You drag the resize handle in Site Designer and nothing happens — or the element resizes but the visible boundary stays the same. Here are the most common causes and how to fix each one.
1. A fixed width is applied directly to the element
The most common cause: an explicit width value in the element’s styles is overriding your resize attempt.
How to check: Select the element and open the Style pane → Dimensions section. Look for a width value that is a fixed pixel number. If one is there, clear it or change it to auto or a percentage.
2. A framework class is setting the width
Framework grid classes like col-md-6 (Bootstrap), medium-6 (Foundation), and col s6 (Materialize) define width with medium-to-high specificity. If one of these classes is applied, dragging the resize handle changes an inline style that may be overridden by the framework class.
How to check: Open the CSS pane for the element. Strikethrough styles indicate overridden rules. If you see your width property struck through, a higher-specificity rule is winning.
Fix: Either remove the framework grid class (use the Content pane → Classes section), or set the correct width in a custom class with equal or higher specificity.
3. A parent container has overflow: hidden
If a parent element has overflow: hidden, the child element may appear clipped at the parent’s boundary even if you have successfully resized it — the content is there, it’s just not visible.
How to check: Select the parent element (use the Outline pane to navigate the parent chain). Open Style pane → Box and look for overflow: hidden.
Fix: Change the parent’s overflow to visible or auto. If the overflow was intentional (e.g., to clip a slider), reconsider whether the child needs to be taller or use overflow: clip to limit the effect to one axis.
4. min-width or max-width is constraining the element
A min-width prevents shrinking below a threshold; a max-width prevents growing beyond one. Both are commonly set by frameworks on containers.
How to check: Open the Style pane → Dimensions section and look for min-width or max-width values.
Fix: Clear or adjust the constraint. For a container that should be fully fluid, set max-width: 100% or remove the property entirely.
5. The element is in a flex row without flex-grow
Inside a flex container with flex-direction: row, child elements don’t grow to fill available space unless flex-grow: 1 (or a value greater than 0) is set. The element will stubbornly stay at its content-defined width.
How to check: Select the parent and open Style pane → Display. If display: flex is set, check the child’s flex-grow property.

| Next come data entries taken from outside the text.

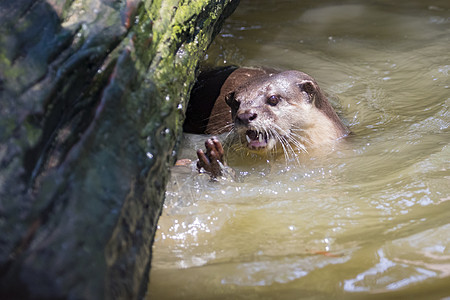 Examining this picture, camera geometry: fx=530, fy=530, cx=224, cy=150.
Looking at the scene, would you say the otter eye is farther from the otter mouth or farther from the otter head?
the otter mouth

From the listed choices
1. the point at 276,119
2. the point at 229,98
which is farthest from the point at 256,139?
the point at 229,98

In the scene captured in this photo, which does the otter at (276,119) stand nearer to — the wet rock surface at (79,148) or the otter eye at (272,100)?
the otter eye at (272,100)

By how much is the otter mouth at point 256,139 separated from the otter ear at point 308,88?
0.35 m

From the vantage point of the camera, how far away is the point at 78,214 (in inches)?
52.0

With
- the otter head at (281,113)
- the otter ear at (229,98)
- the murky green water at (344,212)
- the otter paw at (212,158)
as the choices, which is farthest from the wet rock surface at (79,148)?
the otter ear at (229,98)

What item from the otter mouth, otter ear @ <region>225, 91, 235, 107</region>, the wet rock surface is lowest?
the otter mouth

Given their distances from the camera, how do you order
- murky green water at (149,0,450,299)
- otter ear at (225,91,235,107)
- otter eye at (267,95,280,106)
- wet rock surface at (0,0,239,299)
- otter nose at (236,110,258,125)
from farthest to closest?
otter ear at (225,91,235,107) → otter eye at (267,95,280,106) → otter nose at (236,110,258,125) → murky green water at (149,0,450,299) → wet rock surface at (0,0,239,299)

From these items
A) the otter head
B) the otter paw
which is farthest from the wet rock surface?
the otter head

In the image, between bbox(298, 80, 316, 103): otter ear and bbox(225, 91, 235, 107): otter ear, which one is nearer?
bbox(298, 80, 316, 103): otter ear

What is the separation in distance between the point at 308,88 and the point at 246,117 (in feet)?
1.55

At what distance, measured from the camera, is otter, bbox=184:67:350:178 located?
2723 mm

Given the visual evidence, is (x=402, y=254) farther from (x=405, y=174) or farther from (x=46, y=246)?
(x=46, y=246)

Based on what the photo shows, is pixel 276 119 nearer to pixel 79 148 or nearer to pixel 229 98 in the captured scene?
pixel 229 98

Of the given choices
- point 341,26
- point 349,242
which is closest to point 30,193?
point 349,242
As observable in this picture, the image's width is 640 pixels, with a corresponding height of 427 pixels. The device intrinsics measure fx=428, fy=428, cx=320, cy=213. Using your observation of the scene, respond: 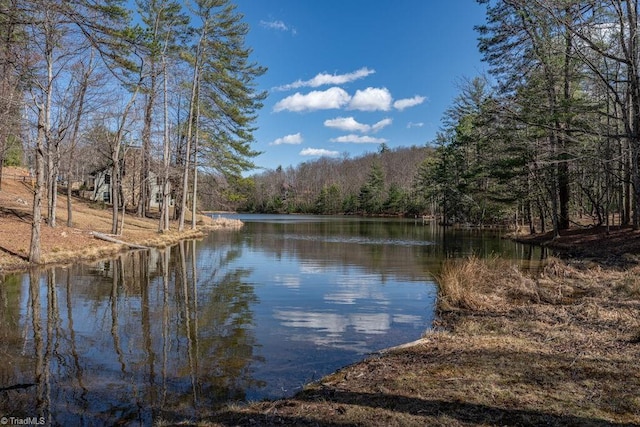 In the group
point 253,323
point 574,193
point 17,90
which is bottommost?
point 253,323

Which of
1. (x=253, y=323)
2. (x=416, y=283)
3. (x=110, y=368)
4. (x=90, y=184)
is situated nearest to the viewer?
(x=110, y=368)

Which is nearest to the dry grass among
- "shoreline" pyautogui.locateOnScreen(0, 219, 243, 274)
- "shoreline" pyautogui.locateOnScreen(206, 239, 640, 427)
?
"shoreline" pyautogui.locateOnScreen(0, 219, 243, 274)

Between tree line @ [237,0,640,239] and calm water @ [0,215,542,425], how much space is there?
211 inches

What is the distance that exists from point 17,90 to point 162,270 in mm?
12441

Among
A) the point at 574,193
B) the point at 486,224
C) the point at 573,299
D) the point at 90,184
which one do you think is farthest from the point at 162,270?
the point at 90,184

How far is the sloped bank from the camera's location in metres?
3.92

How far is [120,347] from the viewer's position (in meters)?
6.85

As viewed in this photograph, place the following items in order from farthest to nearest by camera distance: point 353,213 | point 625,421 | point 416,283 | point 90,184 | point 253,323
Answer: point 353,213 < point 90,184 < point 416,283 < point 253,323 < point 625,421

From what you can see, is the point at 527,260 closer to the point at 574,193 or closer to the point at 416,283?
the point at 416,283

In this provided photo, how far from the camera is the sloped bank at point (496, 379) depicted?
392 cm

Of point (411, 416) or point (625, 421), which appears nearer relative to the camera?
point (625, 421)

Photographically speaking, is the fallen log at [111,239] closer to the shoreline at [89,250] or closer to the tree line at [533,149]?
the shoreline at [89,250]

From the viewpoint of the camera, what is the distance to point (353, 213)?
94.4 meters

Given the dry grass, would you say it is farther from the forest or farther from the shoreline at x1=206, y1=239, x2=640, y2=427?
the shoreline at x1=206, y1=239, x2=640, y2=427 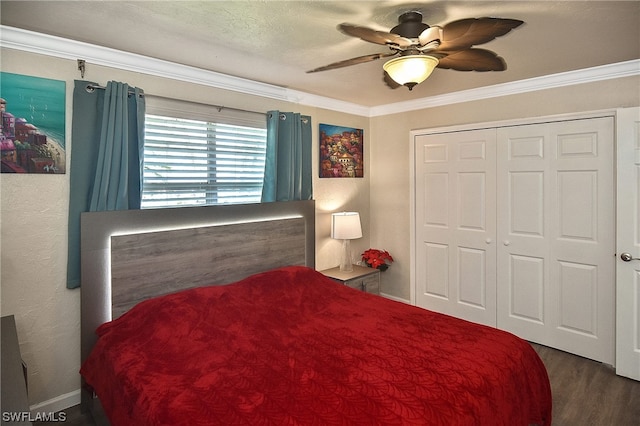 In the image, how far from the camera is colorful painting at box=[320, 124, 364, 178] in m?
4.12

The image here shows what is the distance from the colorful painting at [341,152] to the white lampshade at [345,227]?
0.52 m

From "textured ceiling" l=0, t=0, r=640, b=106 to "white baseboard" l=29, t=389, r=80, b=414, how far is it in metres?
2.32

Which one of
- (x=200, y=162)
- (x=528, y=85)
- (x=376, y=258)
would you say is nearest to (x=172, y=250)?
(x=200, y=162)

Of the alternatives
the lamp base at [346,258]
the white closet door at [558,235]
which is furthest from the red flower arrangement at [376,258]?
the white closet door at [558,235]

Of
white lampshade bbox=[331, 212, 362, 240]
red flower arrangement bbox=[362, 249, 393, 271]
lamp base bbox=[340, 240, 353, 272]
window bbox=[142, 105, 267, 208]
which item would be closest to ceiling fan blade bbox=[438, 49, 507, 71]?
window bbox=[142, 105, 267, 208]

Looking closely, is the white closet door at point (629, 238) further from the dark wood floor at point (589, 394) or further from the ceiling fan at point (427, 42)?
the ceiling fan at point (427, 42)

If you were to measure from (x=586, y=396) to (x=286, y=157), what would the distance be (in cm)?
302

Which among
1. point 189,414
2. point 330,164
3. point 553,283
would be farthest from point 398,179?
point 189,414

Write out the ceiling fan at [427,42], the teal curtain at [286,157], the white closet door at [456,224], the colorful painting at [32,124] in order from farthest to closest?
1. the white closet door at [456,224]
2. the teal curtain at [286,157]
3. the colorful painting at [32,124]
4. the ceiling fan at [427,42]

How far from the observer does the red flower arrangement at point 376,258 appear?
14.0 feet

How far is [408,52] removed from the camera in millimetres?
1931

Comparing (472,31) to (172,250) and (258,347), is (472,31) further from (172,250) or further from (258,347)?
(172,250)

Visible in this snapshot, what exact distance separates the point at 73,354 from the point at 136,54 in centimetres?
211

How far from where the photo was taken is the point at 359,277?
3873mm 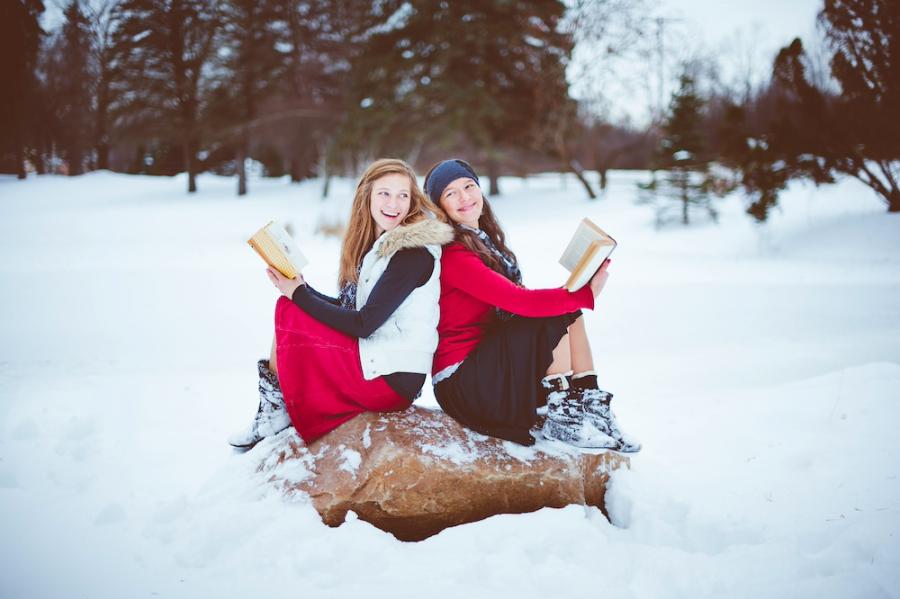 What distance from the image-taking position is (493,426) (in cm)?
256

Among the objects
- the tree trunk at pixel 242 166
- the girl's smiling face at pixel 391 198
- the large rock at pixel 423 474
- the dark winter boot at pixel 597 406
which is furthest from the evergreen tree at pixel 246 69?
the dark winter boot at pixel 597 406

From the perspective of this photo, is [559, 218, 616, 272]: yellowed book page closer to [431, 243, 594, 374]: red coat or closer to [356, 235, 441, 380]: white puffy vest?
[431, 243, 594, 374]: red coat

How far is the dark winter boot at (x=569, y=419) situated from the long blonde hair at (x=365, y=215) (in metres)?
1.00

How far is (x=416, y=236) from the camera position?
2.35 m

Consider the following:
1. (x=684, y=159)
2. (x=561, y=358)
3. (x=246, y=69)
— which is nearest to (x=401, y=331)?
(x=561, y=358)

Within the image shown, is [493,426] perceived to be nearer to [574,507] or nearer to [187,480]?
[574,507]

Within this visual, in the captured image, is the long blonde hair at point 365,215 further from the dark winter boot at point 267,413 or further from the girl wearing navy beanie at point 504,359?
the dark winter boot at point 267,413

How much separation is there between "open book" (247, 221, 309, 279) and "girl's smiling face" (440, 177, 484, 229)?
2.57ft

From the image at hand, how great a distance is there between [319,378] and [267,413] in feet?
1.46

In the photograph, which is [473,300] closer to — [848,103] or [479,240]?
[479,240]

Fix: Set flex-grow: 1 on the element you want to grow, or set a specific flex-basis width.
6. The element is in a grid cell with an explicit grid-area
A CSS Grid cell that has been assigned to a specific grid-area or grid-column / grid-row placement is sized by the grid track, not by the element itself. Dragging the resize handle changes the element’s own width, but the grid track is what’s actually visible.
How to check: Open the Style pane → Grid for both the element and its parent. Look for grid-column: 1 / 3 style definitions.
Fix: Adjust the grid track size in the parent container’s Grid settings, or modify the grid-column/grid-row span so the element occupies the right number of tracks.